The ‘bone-eating snot flower’ of the Mariana Trench

What would happen to you at the deepest place on Earth – the bottom of the Mariana trench?

Doherty says, ‘Fortunately you’re mostly water, and water is incompressible. So you would retain your basic human shape.

‘The air pockets inside you, namely in your nasal cavity, throat and chest, would be a problem though.

‘Those would collapse inward…Because you wouldn’t have any air, you wouldn’t float to the surface and you would likely stay at the bottom to be consumed by the bone-eating snot flower, which usually eats whale bones but would probably make an exception in this case.’

If you fell into a neutron star

A neutron star is the collapsed core of a large star – a small, dense object a few miles wide, but with more mass than our Sun.

So what would happen if you fell into one?

Doherty says, ‘You’ll probably be killed by the radiation produced as matter falls into the neutron star on the way in, and certainly at a close distance of one mile.

But the gravity and magnetism would also have an impact, Doherty warns.

‘This means if your head is pointed toward the neutron star it will be tugged toward the star much more strongly than your feet and this tidal force will rip you apart.’

Neutron stars are also hugely magnetic – billions of times stronger than any magnet on Earth.

‘At those levels of magnetism your atoms are distorted into thin cigars and all the bonds between atoms that make up the molecules in your body are broken’.

Your organs falling out of your body in a lift

It’s one of those questions which people discuss over a few drinks – what’s the best way to survive in a falling lift?

Doherty has the answer – it’s to spread yourself across the floor, as ‘laying flat on your back is the best way to spread out the G forces evenly through your body’.

The worst thing to do is to continue standing up, as there’s a risk your organs will continue to travel downwards, even if your body stops.

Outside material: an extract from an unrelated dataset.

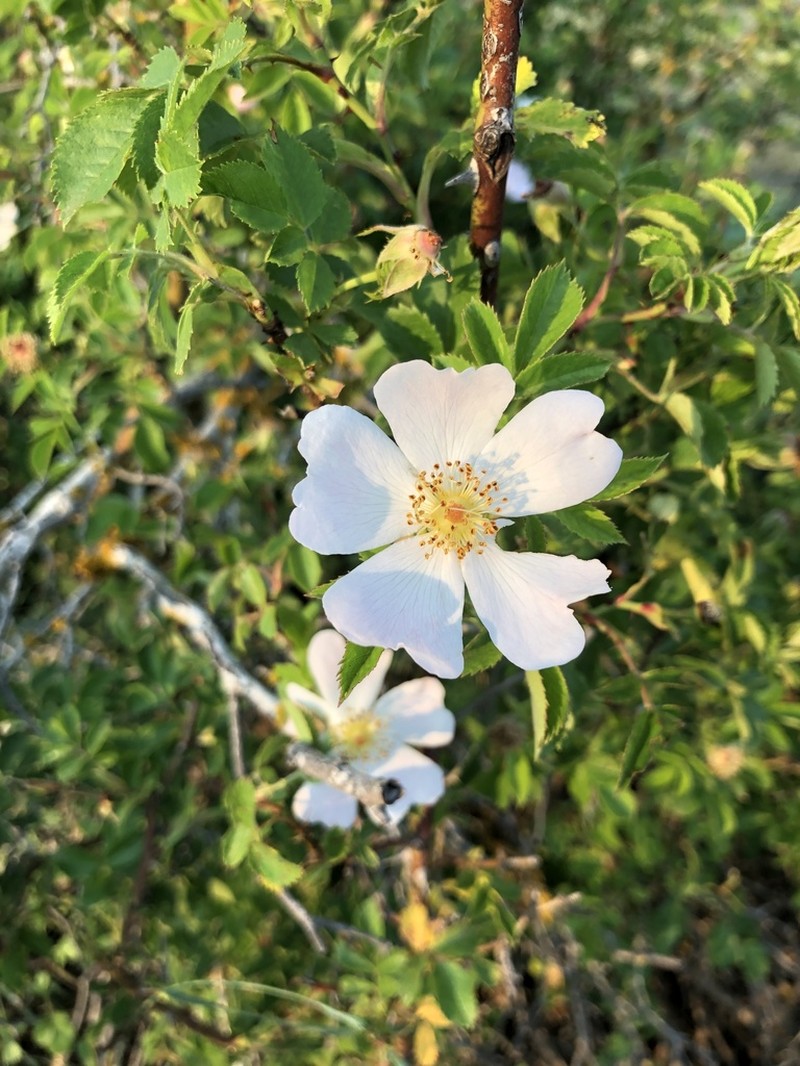 Dog Rose photo 3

That gets messy, Doherty says.

Putting your hand into the Large Hadron Collider’s beam

How do we know what happens to you if you put your hand into the beam of a particle accelerator?

Simple: because someone has already done it.

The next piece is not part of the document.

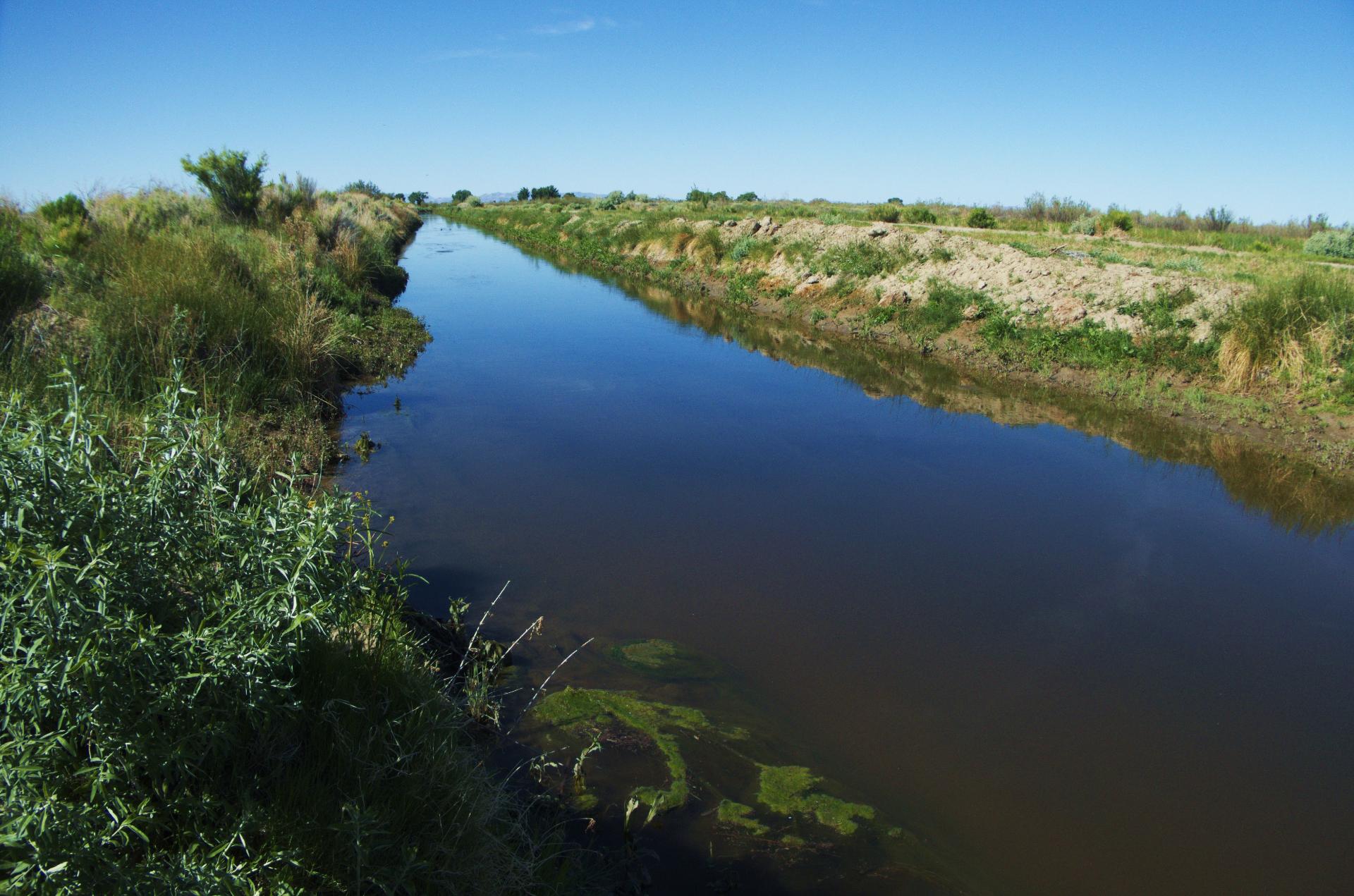 Im20200524pdjP1030997rw2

Soviet scientist Anatoli Bugorski was hit in the head by the beam of a particle accelerator in 1978, while checking that the beam was on.

‘Bugorski’s accelerator was 100 less times as powerful than the LHC, and it was also only a single pulse, while the LHC is a machine gun’, said Dr Doherty.

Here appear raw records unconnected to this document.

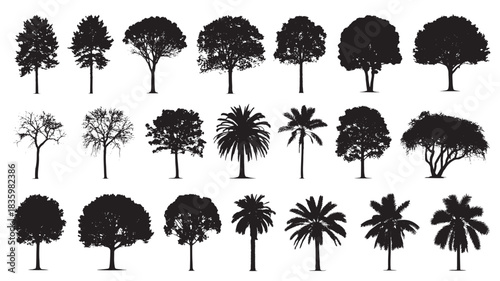 Set of tree silhouettes diverse forest tree collection vector illustration isolated on white background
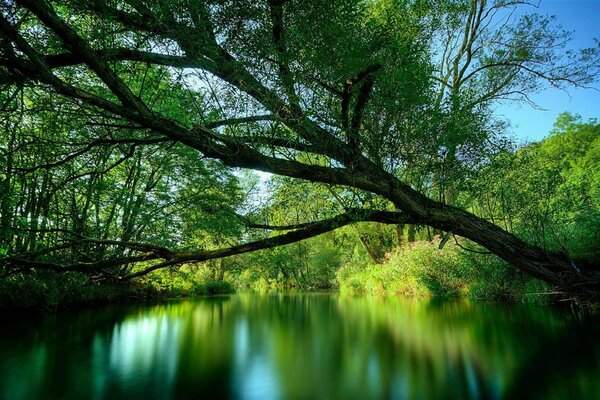 A leaning tree over a river in the forest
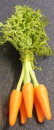 dolls-house-miniature-1-carrot-bunch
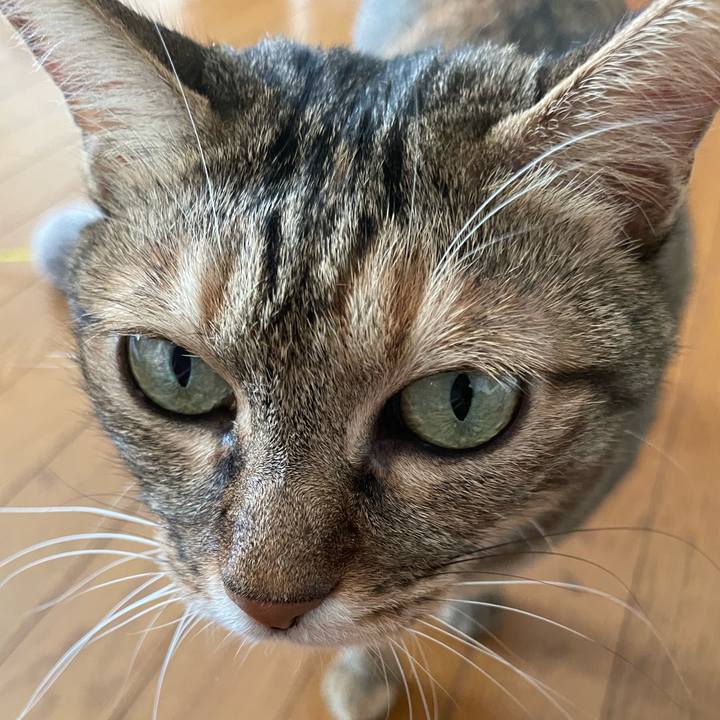 9f01e5e8 7b5a 4b97 ab9f 7f156baf8a4e 1699059633336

‘The beam paralyzed one side of Anatoli Bugorki’s face. As a result now many years later one side of his face is smooth and unwrinkled while the other side has aged by decades.

‘But since Bugorski nearly died from radiation poisoning, we think a hit from the LHC would be lethal’

If you fell through the centre of the Earth

It’s something children are fascinated by – what would happen if you fell right through the centre of the Earth?

Sadly, the result would be a little more gruesome than it is in children’s books.

Doherty says, ‘The pressure and density of the air starts out doubling every 15,000 feet of depth (3 miles) so after 10 doublings at 15,000 feet and 30 miles the air is as dense as water and you sink no further.’

‘The centre of the earth is hotter than the surface of the sun, so you’d cook. You are going to need a refrigerated impossibly well insulated suit.’